-- PROBLEM DESCRIPTION --
Transcribe, word for word, all of the entries below, and exclude any pictures from the copy.

-- THE DATA --
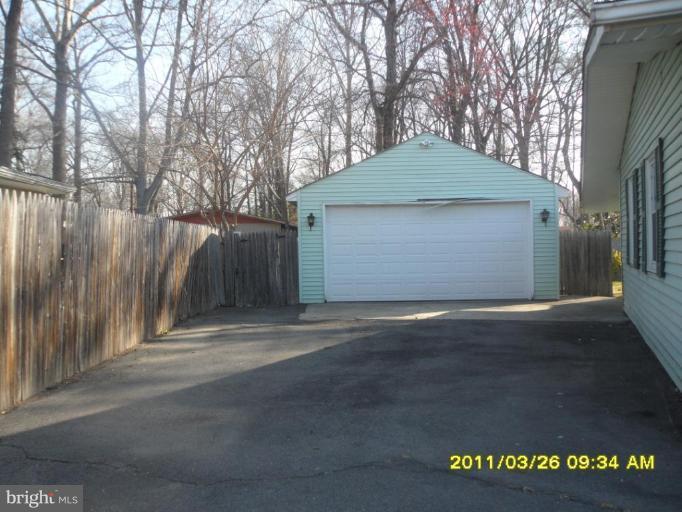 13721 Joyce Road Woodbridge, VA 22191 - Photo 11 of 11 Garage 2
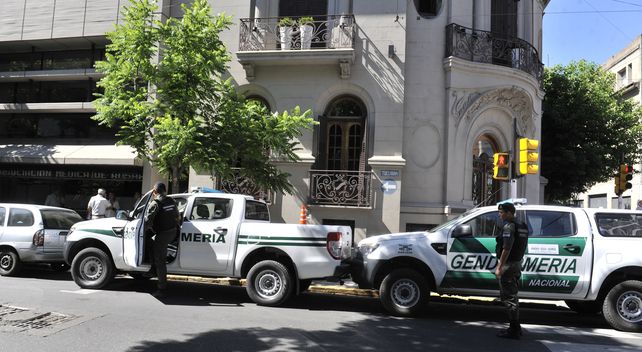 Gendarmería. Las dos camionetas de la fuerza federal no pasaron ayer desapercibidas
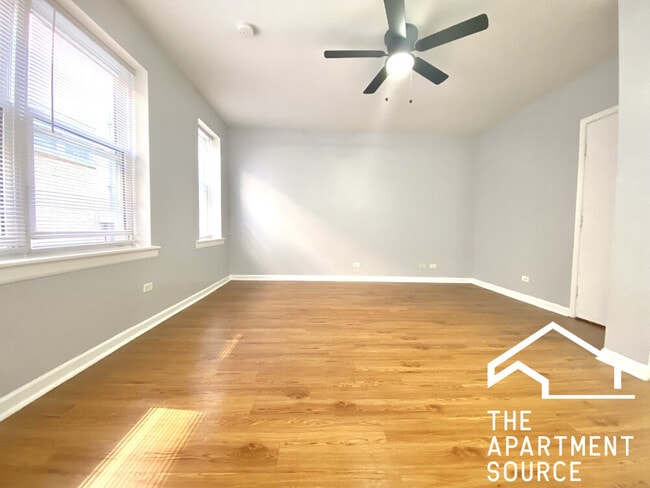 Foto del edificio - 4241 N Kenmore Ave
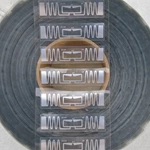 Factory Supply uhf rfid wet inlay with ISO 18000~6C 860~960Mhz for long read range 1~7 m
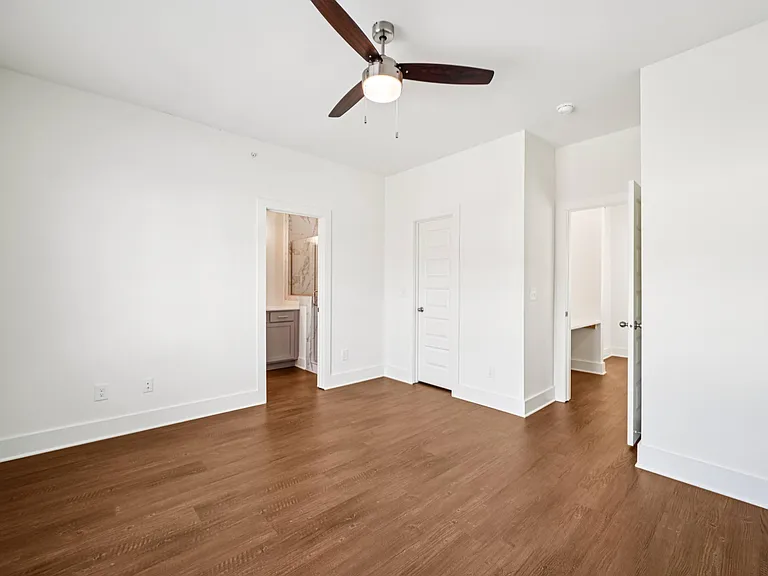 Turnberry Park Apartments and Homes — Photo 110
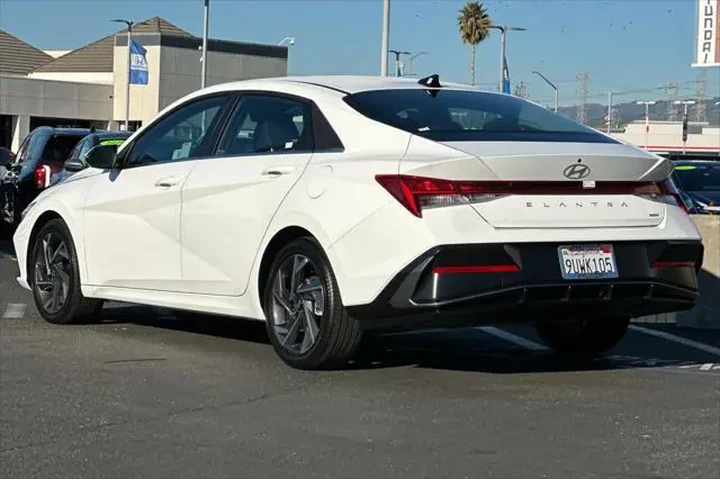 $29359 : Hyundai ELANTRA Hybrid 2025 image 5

-- ANSWER SPACE --
 13721 Joyce Road Woodbridge, VA 22191 - Photo 11 of 11 Garage 2
 Gendarmería. Las dos camionetas de la fuerza federal no pasaron ayer desapercibidas
 Foto del edificio - 4241 N Kenmore Ave
 Factory Supply uhf rfid wet inlay with ISO 18000~6C 860~960Mhz for long read range 1~7 m
 Turnberry Park Apartments and Homes — Photo 110
 $29359 : Hyundai ELANTRA Hybrid 2025 image 5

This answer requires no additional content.